Das adrenale Lymphom ist eine lymphoproliferative Neoplasie der Nebennieren. Das primäre adrenale Lymphom ist äußerst selten und macht weniger als 1% aller adrenalen Malignome aus; die sekundäre Beteiligung (adrenale Ausbreitung eines systemischen Lymphoms) ist wesentlich häufiger und wird bei bis zu 25% der Patienten mit disseminiertem Non-Hodgkin-Lymphom beobachtet. Histologisch ist das diffuse großzellige B-Zell-Lymphom (DLBCL) der häufigste Subtyp. Eine bilaterale Beteiligung ist charakteristisch und wird in 60-80% der primären adrenalen Lymphomfälle beobachtet; dieses Merkmal dient als wichtiger Unterscheidungshinweis gegenüber Nebennierenmetastasen. Es tritt typischerweise im Alter von 60-70 Jahren mit leichter männlicher Prädominanz auf. Einige Patienten können mit Nebenniereninsuffizienz (Addison-Krise) präsentieren. In der Bildgebung erscheint es als große, homogene oder leicht heterogene, hypovaskuläre Raumforderungen; eine Differenzierung von Metastasen und dem adrenokortikalen Karzinom ist erforderlich.
Altersbereich
50-85
Häufigkeitsalter
70
Geschlecht
Mannlich dominant
Prävalenz
Sehr selten
Das adrenale Lymphom ist durch eine abnormale Proliferation lymphoider Zellen in der Nebenniere charakterisiert. Bei der primären Form beginnt die neoplastische Transformation aus kleinen lymphoiden Zellpopulationen innerhalb der Nebenniere oder aus dem die Nebenniere umgebenden lymphatischen Gewebe. Bei der sekundären Form breitet sich das systemische Lymphom hämatogen in die Nebennieren aus; die reiche vaskuläre Architektur der Nebennieren soll für diese Ausbreitung prädisponieren. Pathologisch infiltrieren Lymphomzellen diffus die Nebennierenrinde und das Mark und verdrängen normales Nebennierengewebe — dies kann bei bilateraler und massiver Beteiligung zu einer Nebenniereninsuffizienz führen. In der Bildgebung zeigt sich aufgrund der dichten zellulären Population eine ausgeprägte Diffusionsrestriktion in der DWI (hohe Zellularität = eingeschränkte Bewegung der Wassermoleküle). Die hypovaskuläre Eigenschaft im CT reflektiert die nicht-neovaskuläre Natur des Tumors — Lymphomzellen erzeugen keine intensive Angiogenese, daher ist die Kontrastmittelaufnahme mild oder homogen. In der MRT ist die T2-Signalintensität umgekehrt proportional zur Zellularität; hochzelluläre Lymphome erscheinen intermediär oder leicht hyperintens in T2, während nekrotische Areale eine ausgeprägte Hyperintensität zeigen.

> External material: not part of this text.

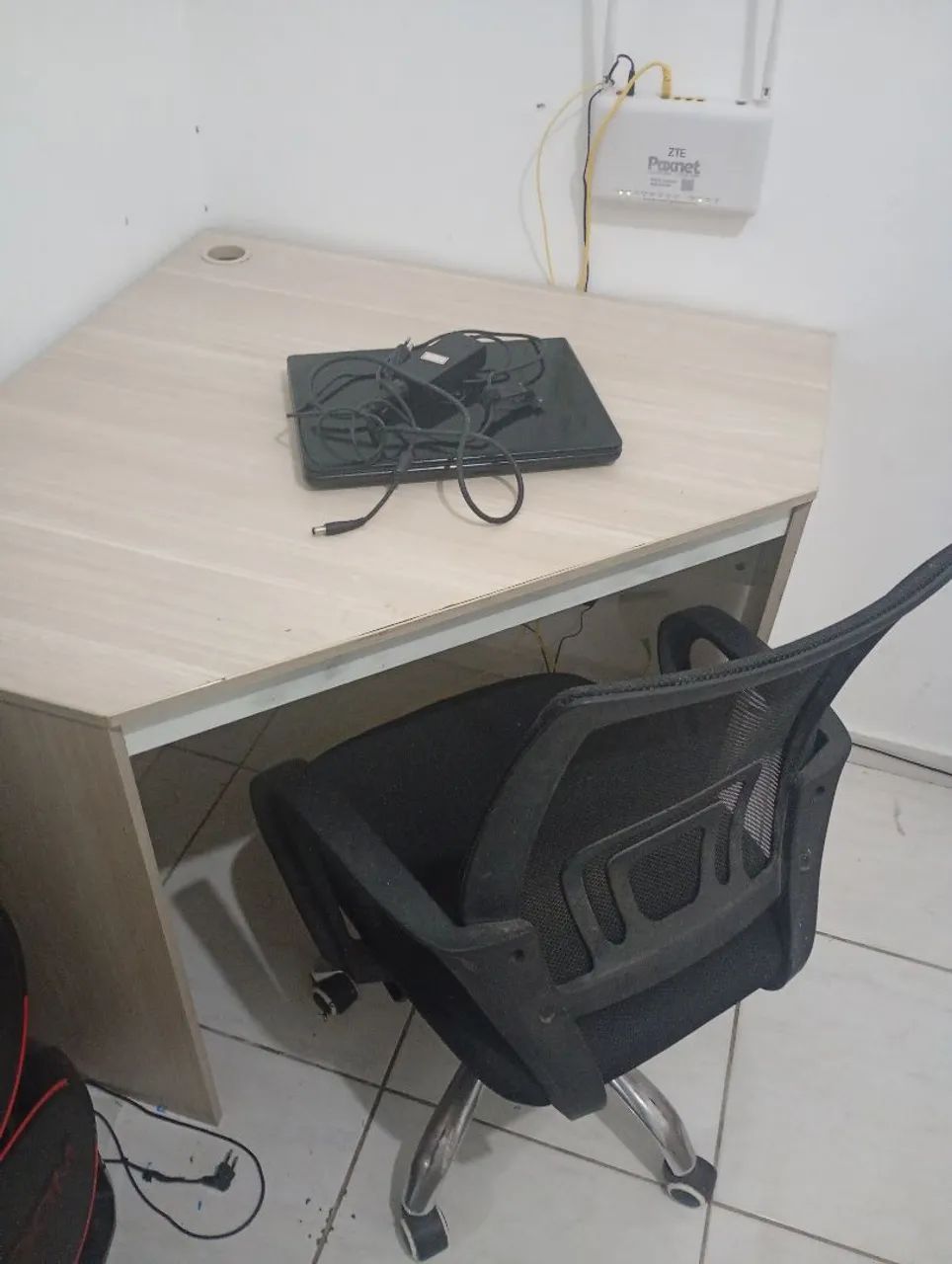 Escrivaninha com cadeira  - Foto 2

Bilaterale, große, homogene Nebennierenmassen mit ausgeprägter Diffusionsrestriktion (niedriger ADC) in der DWI sind die charakteristischste Bildgebungskombination für das adrenale Lymphom. Diese Triade (bilateral + groß + Diffusionsrestriktion) ist der Signaturbefund des adrenalen Lymphoms.

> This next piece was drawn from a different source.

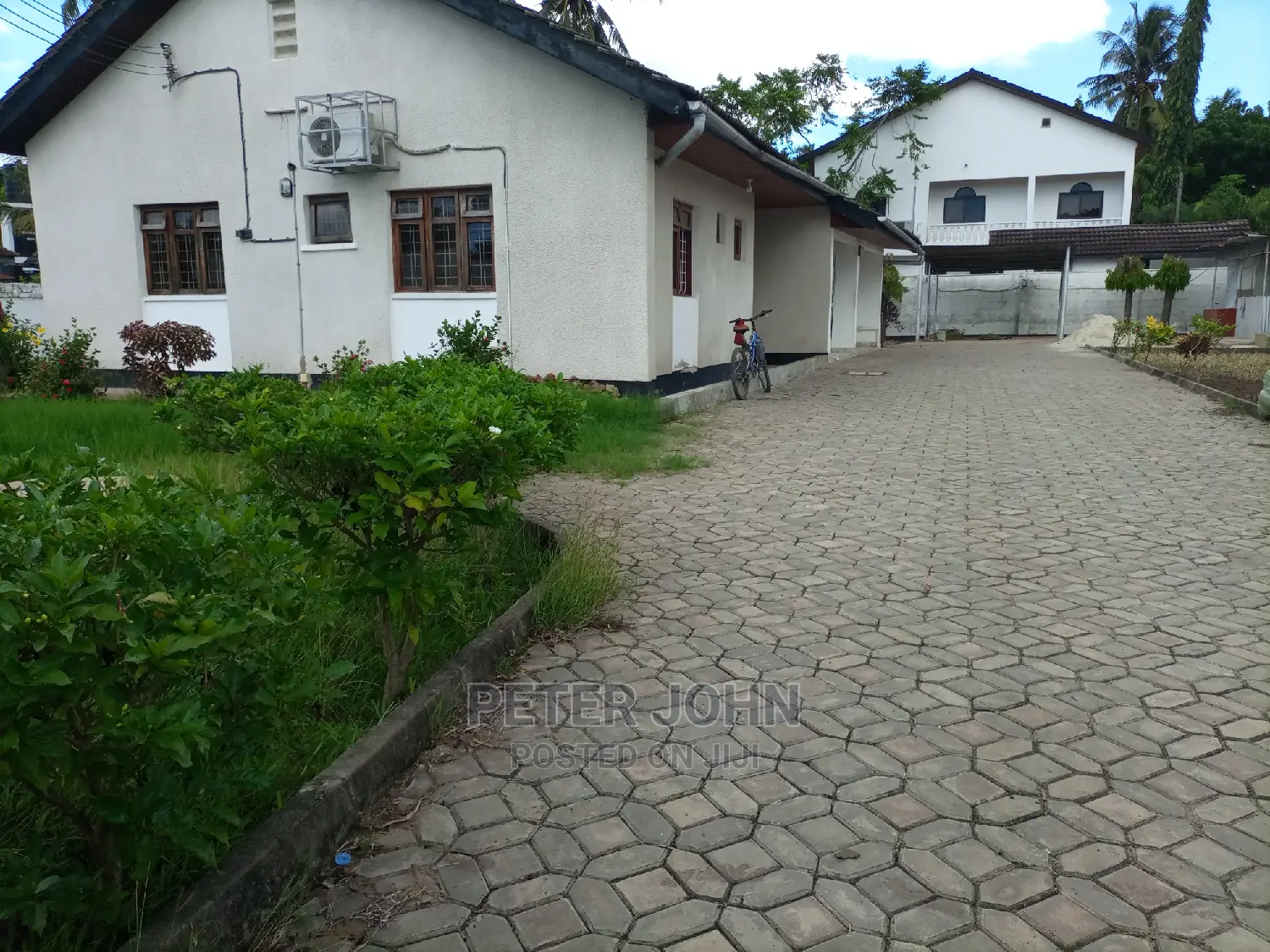 4bedrooms,Livingroom,Dinning,Kitchen,Master Public Toilet's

Im nativen CT zeigen sich bilaterale, große (typischerweise >4 cm), homogene Nebennierenmassen mit Weichteildichte. Die native Dichte liegt meist zwischen 30-45 HE, deutlich höher als die für lipidreiche Adenome typischen <10 HE. Die Raumforderungen können die Nebennierenkontur bewahren oder eine extraadrenale Ausdehnung zeigen. Nekrose und Hämorrhagie können in großen Raumforderungen auftreten, sind aber in klein- bis mittelgroßen Läsionen selten, wobei ein homogenes Erscheinungsbild charakteristisch ist.
Berichtssatz
In beiden Nebennieren zeigen sich große homogene Raumforderungen mit Weichteildichte (ca. ... HE); das bilaterale Beteiligungsmuster sollte primär an ein adrenales Lymphom denken lassen.
Im kontrastverstärkten CT in der portalvenösen Phase zeigen die Nebennierenmassen eine milde und homogene Kontrastmittelaufnahme. Der Anreicherungsgrad beträgt typischerweise 10-30 HE Zunahme, deutlich weniger als bei hypervaskulären Tumoren (Phäochromozytom, adrenokortikales Karzinom). Zentrale Nekroseareale können als nicht anreichernde Hypodensität in großen Raumforderungen erscheinen.
Berichtssatz
Die Nebennierenmassen zeigen eine milde und homogene Kontrastmittelaufnahme in der portalvenösen Phase, und dieses hypovaskuläre Muster ist vereinbar mit einem Lymphom.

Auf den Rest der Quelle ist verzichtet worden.